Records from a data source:
++++++++
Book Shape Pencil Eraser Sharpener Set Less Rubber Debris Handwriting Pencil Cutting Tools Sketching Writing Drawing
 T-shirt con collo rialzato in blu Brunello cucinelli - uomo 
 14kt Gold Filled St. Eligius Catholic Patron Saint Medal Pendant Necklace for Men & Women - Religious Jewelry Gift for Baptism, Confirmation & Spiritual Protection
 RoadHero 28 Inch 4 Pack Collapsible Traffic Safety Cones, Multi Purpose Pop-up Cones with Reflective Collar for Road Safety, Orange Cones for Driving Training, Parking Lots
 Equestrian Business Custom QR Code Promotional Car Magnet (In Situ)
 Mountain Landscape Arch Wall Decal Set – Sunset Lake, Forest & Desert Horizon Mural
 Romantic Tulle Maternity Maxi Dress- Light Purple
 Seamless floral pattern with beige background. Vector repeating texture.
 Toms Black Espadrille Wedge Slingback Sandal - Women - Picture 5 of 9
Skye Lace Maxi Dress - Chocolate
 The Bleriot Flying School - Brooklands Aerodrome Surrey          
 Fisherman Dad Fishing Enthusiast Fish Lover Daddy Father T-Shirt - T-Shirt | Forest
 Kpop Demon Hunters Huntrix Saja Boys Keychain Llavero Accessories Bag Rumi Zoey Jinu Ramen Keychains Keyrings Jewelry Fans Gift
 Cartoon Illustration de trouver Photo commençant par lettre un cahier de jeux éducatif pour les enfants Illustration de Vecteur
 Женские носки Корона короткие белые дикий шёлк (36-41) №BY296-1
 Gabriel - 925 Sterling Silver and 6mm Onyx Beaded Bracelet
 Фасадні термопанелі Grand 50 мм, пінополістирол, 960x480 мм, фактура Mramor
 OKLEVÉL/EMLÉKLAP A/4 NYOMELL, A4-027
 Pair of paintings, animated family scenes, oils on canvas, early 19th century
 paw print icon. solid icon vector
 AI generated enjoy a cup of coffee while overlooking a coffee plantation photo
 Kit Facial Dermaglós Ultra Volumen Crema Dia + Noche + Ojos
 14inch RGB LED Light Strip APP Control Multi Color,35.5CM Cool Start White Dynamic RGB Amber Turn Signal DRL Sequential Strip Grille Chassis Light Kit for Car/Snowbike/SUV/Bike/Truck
++++++++
-- Your task --
Lines holding the word "Jewelry" are the answer; copy each one from the records above.

-- Task response --
 14kt Gold Filled St. Eligius Catholic Patron Saint Medal Pendant Necklace for Men & Women - Religious Jewelry Gift for Baptism, Confirmation & Spiritual Protection
 Kpop Demon Hunters Huntrix Saja Boys Keychain Llavero Accessories Bag Rumi Zoey Jinu Ramen Keychains Keyrings Jewelry Fans Gift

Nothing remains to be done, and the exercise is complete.